Addressing Systematic Non-response Bias with Supervised Fine-Tuning of Large Language Models: A Case Study on German Voting Behaviour
Authors: Tobias Holtdirk, Dennis Assenmacher, Arnim Bleier, Claudia Wagner
This repository contains the code for the paper.
Preprint DOI: 10.31219/osf.io/udz28
A major challenge for survey researchers is dealing with missing data, which restricts the scope of analysis and the reliability of inferences that can be drawn. Recently, researchers have started investigating the potential of Large Language Models (LLMs) to role-play a pre-defined set of "characters" and simulate their survey responses with little or no additional training data and costs. Previous research has mostly focused on zero-shot LLM predictions. However, often other survey responses are at least partially available. This work investigates the viability and robustness of supervised fine-tuning on these responses to simulate systematic and random item-level non-responses in the context of German voting behaviour. Our results show when systematic item non-responses are present, fine-tuned LLMs outperform traditional classification approaches on survey data. Fine-tuned LLMs also seem to be more robust to changes in the set of features that the model can use to make predictions. Finally, we see that fine-tuned LLMs match the performance of traditional classification methods when survey responses are missing completely at random.
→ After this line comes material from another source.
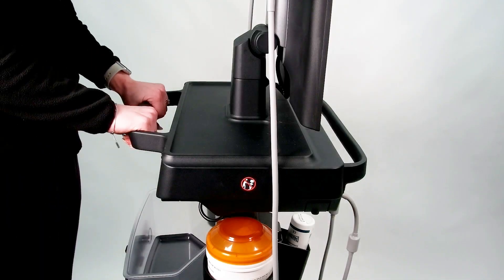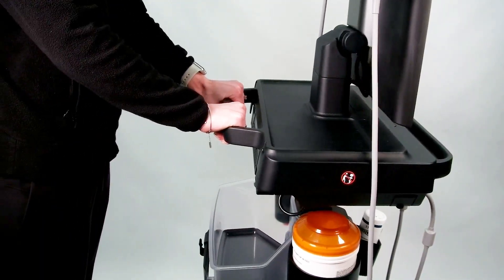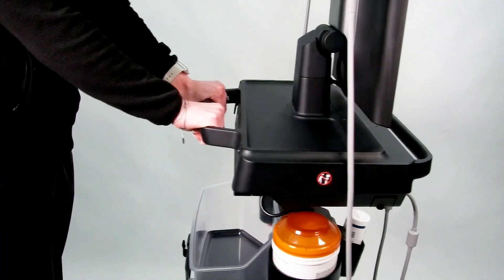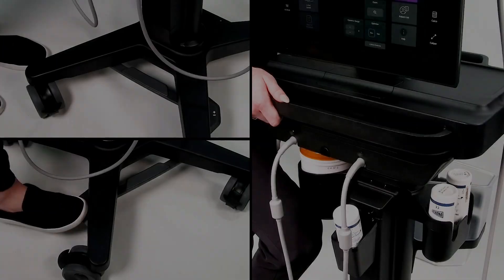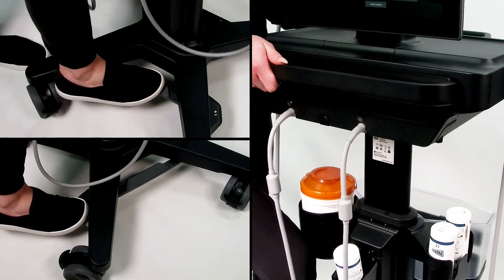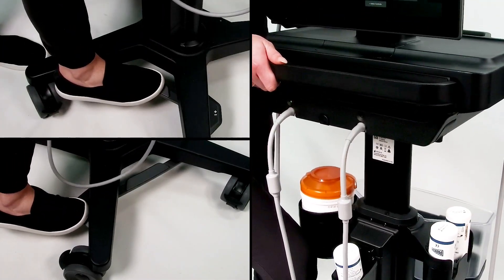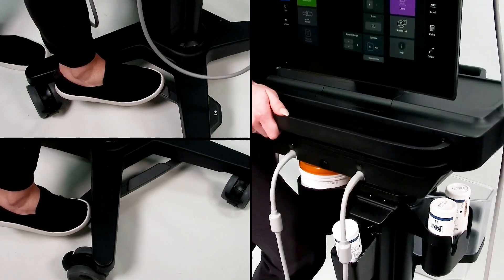You can move the system by pushing or pulling the handle on the back or front of the system. Adjust the height by stepping on the front or side of the foot pedal and pulling up or pushing down on the platform.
To setup the environment, install the uv package manager and run:
uv sync
Download the GLES 2017 dataset from GESIS (https://doi.org/10.4232/1.13648) and put it in the datasets
folder.
Run to reproduce the experiments from the paper:
python evaluation/rq1_gles2017_vote_cls.py
python evaluation/rq1_gles2017_vote_cls_no_party_id.py
python evaluation/rq2_gles2017_vote_cls_uni_and_school.py
python evaluation/rq2_gles2017_vote_cls_uni_and_school_no_id.py
python evaluation/rq2_gles2017_vote_cls_party_id_exclusion.py
(add a wandb user and project id to the evaluation scripts for logging)
This work received funding from the German Research Foundation (DFG) under project no. 504226141.